Subject: Re: fsck
To: Jon Ribbens <jon@oaktree.co.uk>
From: Jim Reid <jim@mpn.cp.philips.com>
List: netbsd-help
Date: 04/07/1997 17:41:23
>>>>> "Jon" == Jon Ribbens <jon@oaktree.co.uk> writes:

    Jon> Can anyone recommend a good instruction manual for fsck? The
    Jon> manpage is, as usual, not very helpful. fsck itself, while
    Jon> running, has a tendency to report incomprehensible errors,
    Jon> followed by asking unanswerable questions. ("REMOVE y/n". So,
    Jon> what happens if I say "yes"? What happens if I say "no"? Do I
    Jon> *need* to say "yes" in order for the disk to be fixed? What
    Jon> bad things might happen with either choice? Why is it even
    Jon> asking me - what problem has it found?)

A comprehensive manual can be found in /usr/share/doc/smm/03.fsck.
Or in any decent book on UNIX system administration.

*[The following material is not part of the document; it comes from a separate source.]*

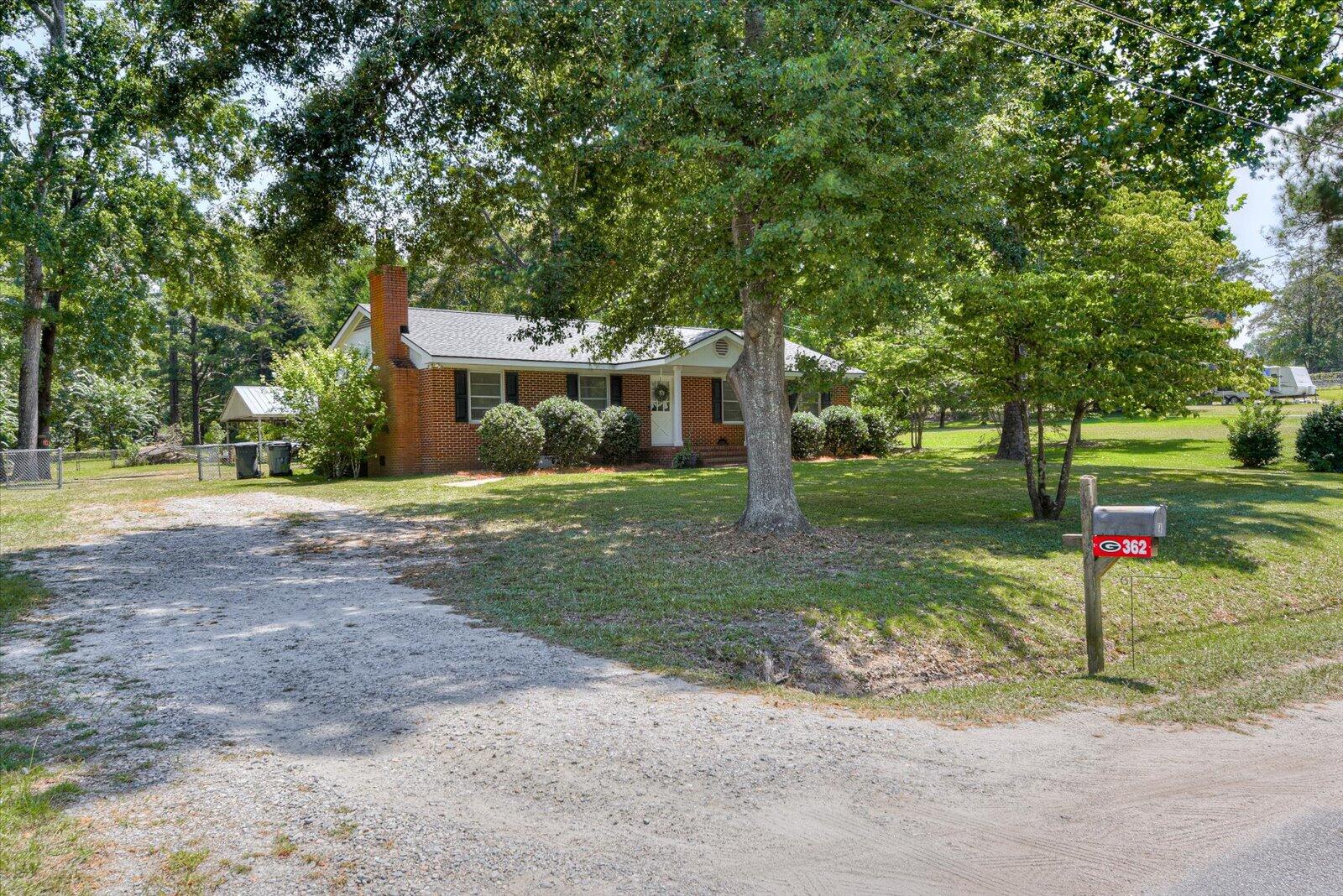 362 MORRIS Road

Generally speaking, the best idea is to always answer yes to fsck's
questions. This will usually recover as much "lost" data as possible
and put the filesystem back together again. [There are a few, rare
occasions where this is not so. Even then, just answer "yes" and then
reach for your backup tapes.] Answering "no" to fsck's questions will
usually mean the filesystem remains corrupted. The damage fsck found -
and could have fixed - goes unrepaired. If you continue to use the
fileystem, the corruption and data loss will get worse. The -y option
saves tedium and typing when there is a lot of fixing to be done. The
-n option give the system administrator an idea of the extent of the
damage to be repaired, just in case something important could be lost.

The general idea is that when the filesystem is in a bad way, fsck
wants a human being to know about it. For example, he/she can take
note of which files were found to be corrupted so they can be restored
from backup once fsck has done its stuff.

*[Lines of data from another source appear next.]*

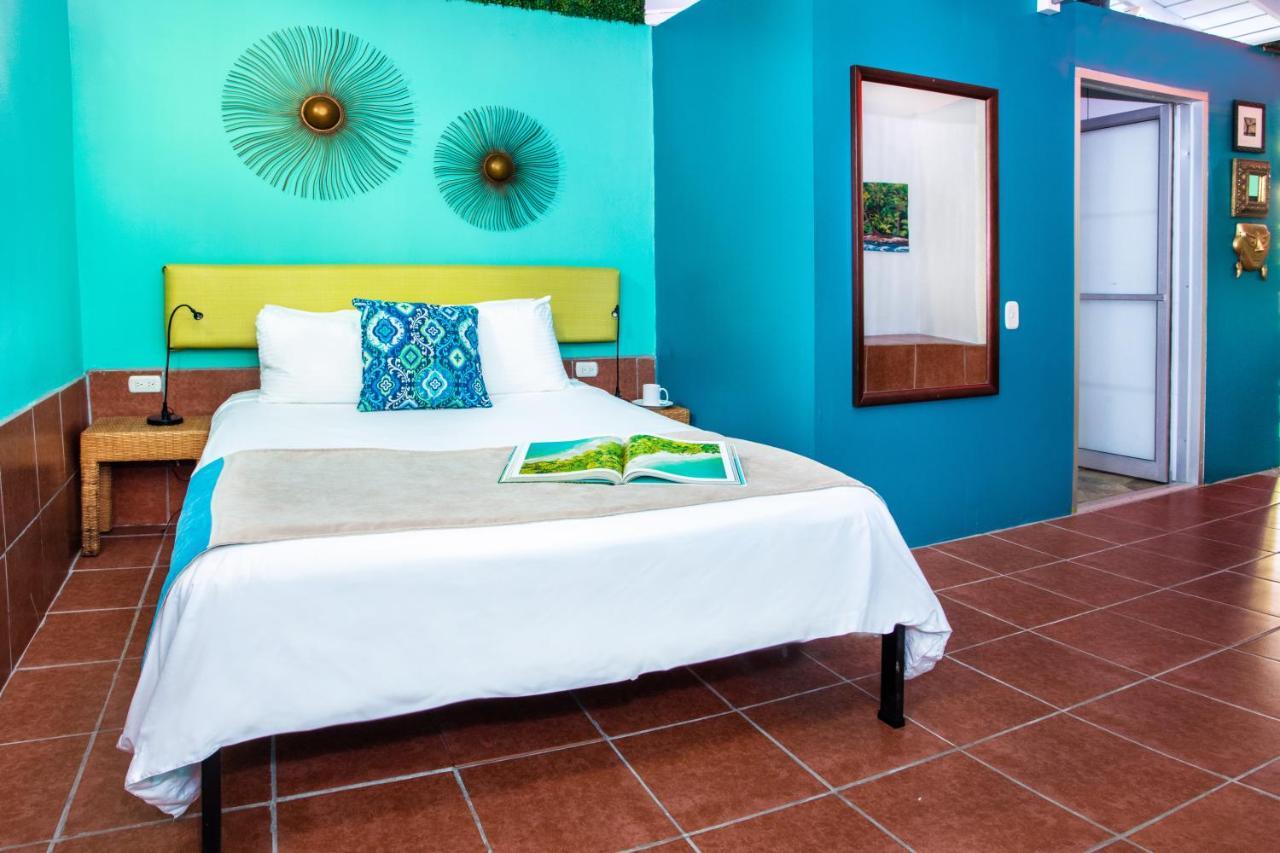 Apartahotel Tico Tico - Adult Only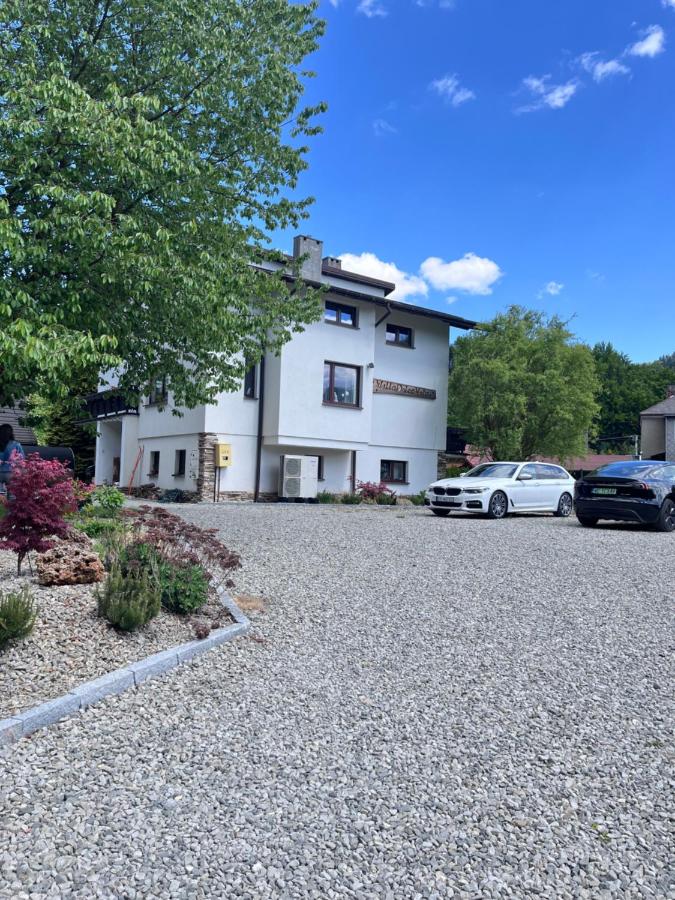 Willa Dolce Vita - Ferienwohnung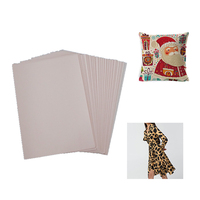 Papel de Sublimación Tamaño A3 A4 Directo de Fábrica para Impresión por Transferencia de Calor, Rollo y Hoja de Tamaño Personalizado, Proveedor OEM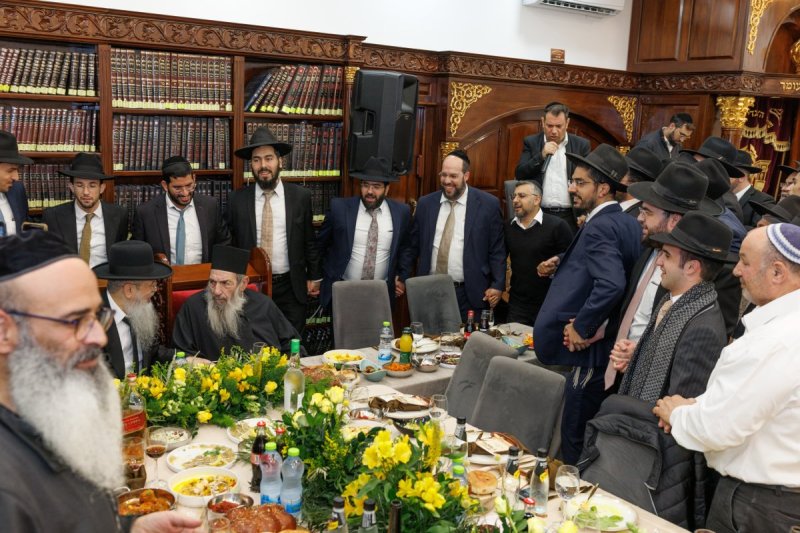 אליעזר פיינשטיין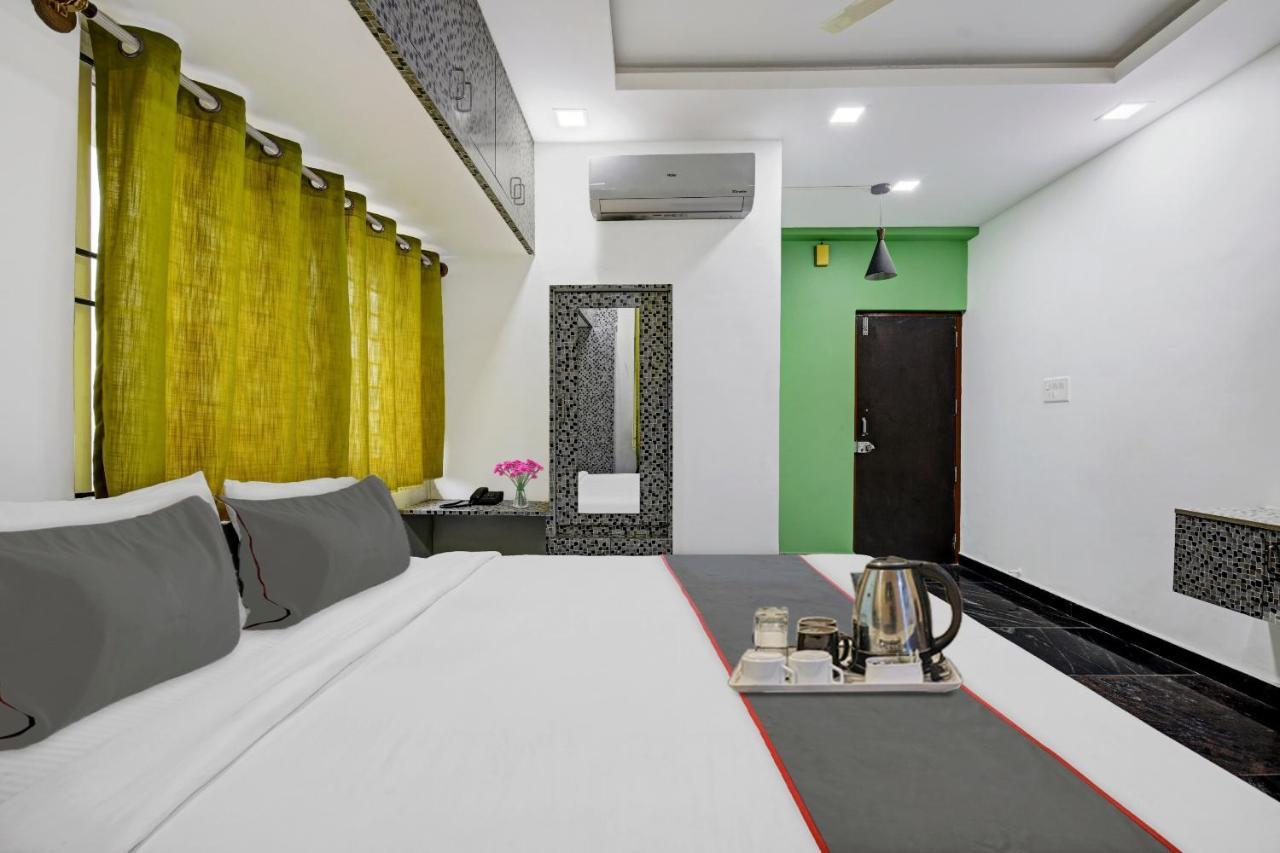 Collection O Supreme Suites Near Sri Amruth Chithra Mandira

This is an area where experience and judgement help. For example, if
there are lots of errors, it usually means the disk is bust or on its
way out: probably a head crash. In this case, it would probably be
better to throw the disk away and rebuild the filesystem(s) from
backup. When fsck has done a bit of work, it's usually a good idea to
re-run fsck. The first pass might have done enough to make the
filesystem usable again - say by rebuilding the super block and
cylinder group summary blocks - but not enough to have picked up all
the inconsistencies.

BTW, I have to differ with your comments about "incomprehensible
errors" from fsck. The reports and questions it generates are clear
enough to me, though admittedly it does help if you know how a UNIX
filesystem and the ffs in particular is organised on disk.

    Jon> We just got a whole load of fsck errors (requiring a manual
    Jon> fsck) from a NetBSD 1.2 machine with nobody at all logged in
    Jon> which was rebooted unexpectedly. Surely this must indicate a
    Jon> bug in either ffs or fsck? (I thought the point was fsck was
    Jon> supposed to be able to fix this sort of thing without help.)

It depends on what was wrong. If fsck thinks the corruption is serious
enough, it will insist on human intervention (or at least making sure
a human is informed that Something Serious has happened). In that
case, fsck is behaving reasonably. That the UNIX filesystem doesn't
handle abrupt shutdowns well is not a bug, it's a feature... :-)

    Jon> We ran fsck, it asked us whether we wanted to remove a whole
    Jon> load of files, we said yes on the basis of flipping a
    Jon> coin. We ran it again after it had completed, and it then
    Jon> asked us if we wanted to reconnect all the same files again,
    Jon> so the net effect was to move them to
    Jon> /lost+found. Excitement.

Sounds like you don't know what's going on. You should have let fsck
recover all the files it could and then gone through lost+found to
rename them to their original places. fsck can't do the latter part of
that because the directory which held these files - ie their names -
got mangled somehow. So when fsck finds files/inodes that have data
associated with them but no name, it gives the system administrator
the option of recovering the files to lost+found or else deleting
them. The latter option is for files and directories that the system
administrator - not fsck! - decides don't matter. How could fsck tell
if the mangled file(s) hadn't been backed up or if they were so
important that anything that could be recovered from it was better
than nothing? In once case, I was able to retrieve a file that fsck
would have deleted because it had 1 corrupt block. For the user,
copying this file and regenerating the corrupt block was quicker and
preferable to waiting for a recovery of the previous day's file from
backup.